South Sudan. Well, maybe.
As of midday Wednesday, we might be sending people to Djibouti instead. Or in addition to. It’s tough to say.
After multiple emergency hearings to sort out who got sent where and when, it still isn’t 100% clear where the Trump administration sent eight immigrants. One thing is clear, however: The judge overseeing the case is less than thrilled with the administration.
We all learned about the administration’s latest attempt to secretly remove migrants Tuesday evening, when lawyers for eight migrants filed an emergency motion to stop the government—specifically, Homeland Security Secretary Kristi Noem and Attorney General Pam Bondi—from deporting their clients to South Sudan. They had learned that one detainee, a Burmese national with limited English proficiency, was provided a notice of removal to South Sudan—in English only. He refused to sign and was removed the next morning.
After a hearing late Tuesday night, U.S. District Judge Brian Murphy ordered the administration to maintain custody of the migrants until a subsequent hearing about whether the removal violated an earlier court order. (Spoiler alert: It totally violated an earlier court order.)
During that hearing, Department of Justice lawyers refused to say where the deportation plane was or where it was landing.
Attorney General Pam Bondi’s Department of Justice refuses to answer questions from the courts.
The administration has tried this tactic in other cases, such as trying to claim the state secrets privilege in the Kilmar Abrego Garcia case. The DOJ told U.S. District Judge Paula Xinis that giving her any details about returning Abrego Garcia would jeopardize national security. Xinis was not impressed by this argument.
The DOJ kept this up throughout a multi-hour hearing on Wednesday in front of Murphy, which means we still don’t know where these migrants were sent. The New York Times reported that the obligatory “people familiar with the matter” believe the men were actually sent to Djibouti.
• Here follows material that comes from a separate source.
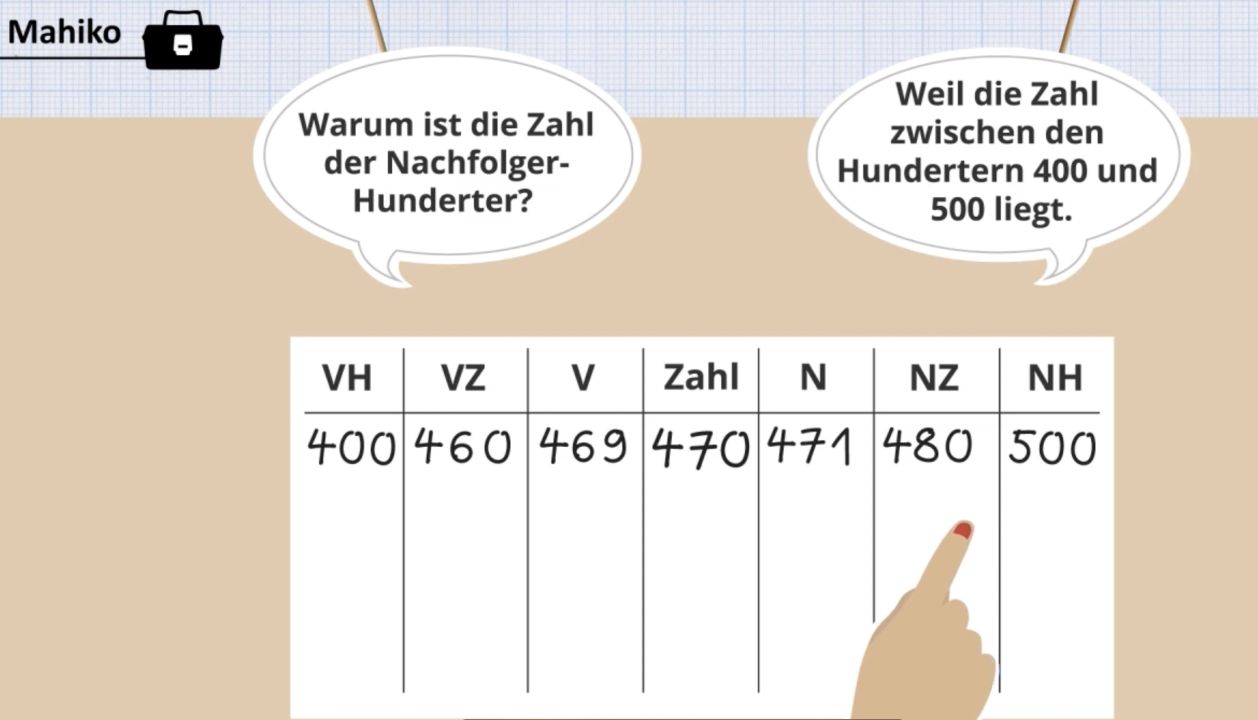 Ausschnitt aus einem Mahiko-Lernvideo. Abbildung einer Tabelle mit 7 Spalten (von links nach rechts): „VH“, „VZ“, „V“, „Zahl“, „N“, „NZ“, „NH“. In der Zeile darunter (von links nach rechts): „400“, „460“, „469“, „470“, „471“, „480“, „500“.Sprechblase links: „Warum ist die Zahl der Nachfolger-Hunderter?“ (Ein Finger zeigt auf die „480“). Sprechblase rechts: „Weil die Zahl zwischen den Hundertern 400 und 500 liegt.“.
The fact that South Sudan was even an option for removal is absurd, given that the U.S. State Department’s take on South Sudan is that Americans should not travel there because of crime, kidnapping, and armed conflict.
Just last week, The New York Times reported that the country’s vice president has been detained at his residence for months, and the country is on the verge of a civil war that threatens to destabilize the entire region.
And just two weeks ago, Noem extended the Temporary Protected Status designation for South Sudanese refugees because it is not possible for them to safely return.
The Trump administration is continuing to insist that these migrants are uniquely dangerous, with a DHS spokesperson, Tricia McLaughlin, telling reporters that “no country on earth wanted to accept them because their crimes were so uniquely barbaric.”
Show your work, Tricia. If these are the worst criminals in the world, surely you can easily prove that.
McLaughlin also complained about “activist judges” being “on the other side, fighting to get them back onto the United States soil.” Stupid judges, always forcing everyone to care about stupid things like stupid due process.
Additionally, even if these were indeed the world’s worst criminals, Murphy’s prior order still required the government to give at least 15 days' notice to any migrant being removed to a country they were not from.
During the Wednesday hearing, DOJ lawyers tried to insist that it was totally cool and fine that they gave detainees less than 24 hours’ notice instead, because the detainees hadn’t expressed a fear of removal.
Murphy is exceedingly unhappy and held that the administration “unquestionably” violated his court order by putting detainees on a flight to South Sudan … or wherever they actually ended up. He hasn’t yet ruled on whether to impose criminal contempt sanctions on the various hobgoblins in the Trump administration responsible for this behavior.
Nothing will stop until judges start making this behavior very painful for the government. In the face of near-unanimous rulings from the courts to stop trying to send migrants to random war-torn strongman-led countries in secret, the administration has instead doubled down.
It doesn’t matter if it is Libya or El Salvador or South Sudan or Djibouti or Narnia or Atlantis. The courts have made very clear that detainees must be given a meaningful opportunity to challenge their removal. The administration knows this, but they just don’t care. And they’re not going to care until judges impose meaningful consequences. Bring the hammer down, Judge Murphy.